● TRY IT: Once the pictures are set aside, transcribe each line of the listing exactly.

───── SUPPLIED DATA

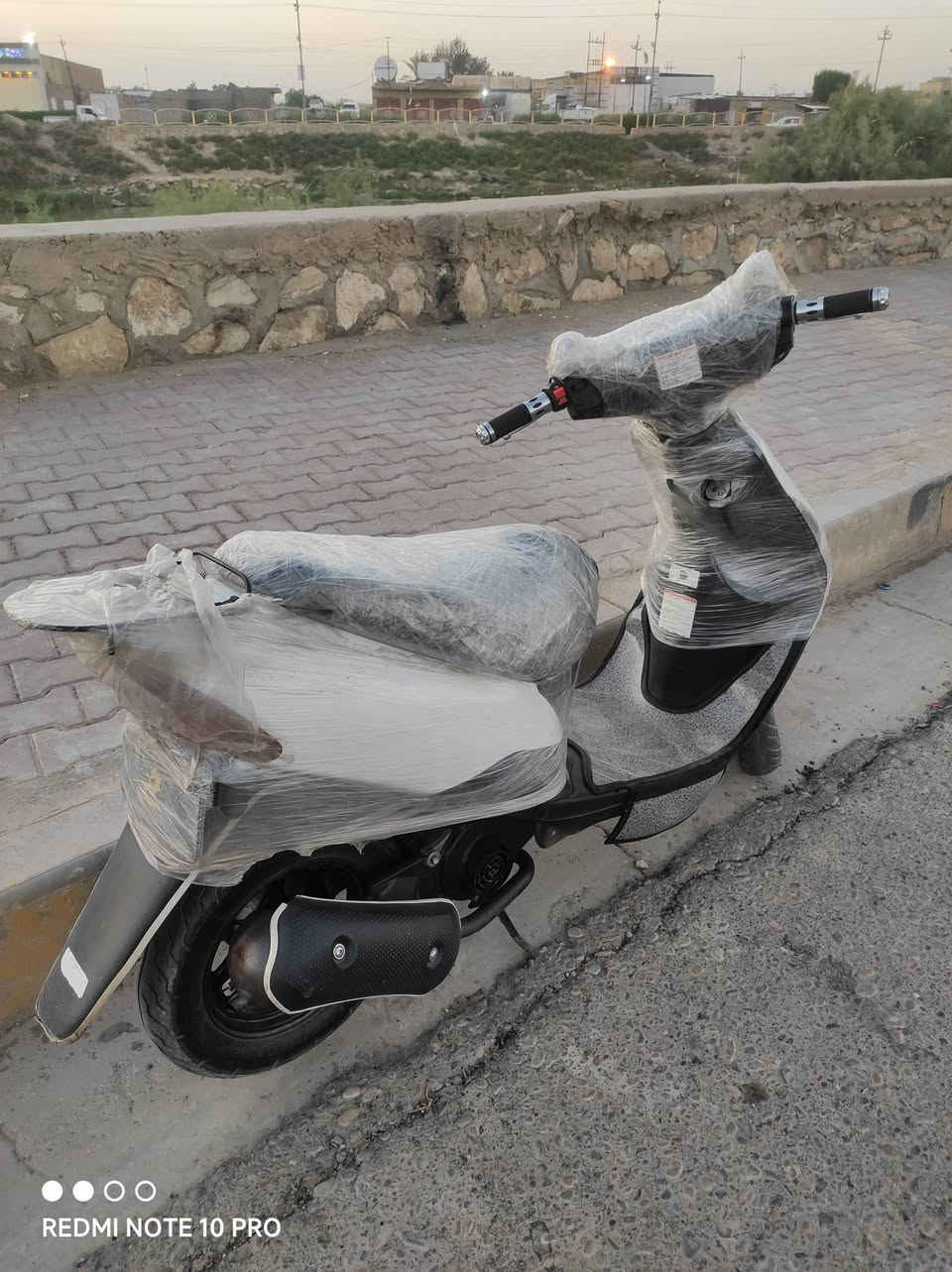 دراجه ساسوكي (رياضي)
دراجه جديد وكيل مامفتوحه مكفوله من كلشي حته من شخط مابيه دراجه ( نكره ) شغاله عل ( 24 ساعه )  مرتبه ونضيفه حيل معدله عل شكل الخارجي فقط منضومه زنون مغلفه  و مغلف حوافيه  يدات ماكس استان ماكس 

عنواني ميسان ( المجر الكبير )  ( 100 دار )
التواصل واتساب او اتصال ( *********** )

──────────

● YOUR SOLUTION:
 دراجه ساسوكي (رياضي)
دراجه جديد وكيل مامفتوحه مكفوله من كلشي حته من شخط مابيه دراجه ( نكره ) شغاله عل ( 24 ساعه )  مرتبه ونضيفه حيل معدله عل شكل الخارجي فقط منضومه زنون مغلفه  و مغلف حوافيه  يدات ماكس استان ماكس 

عنواني ميسان ( المجر الكبير )  ( 100 دار )
التواصل واتساب او اتصال ( *********** )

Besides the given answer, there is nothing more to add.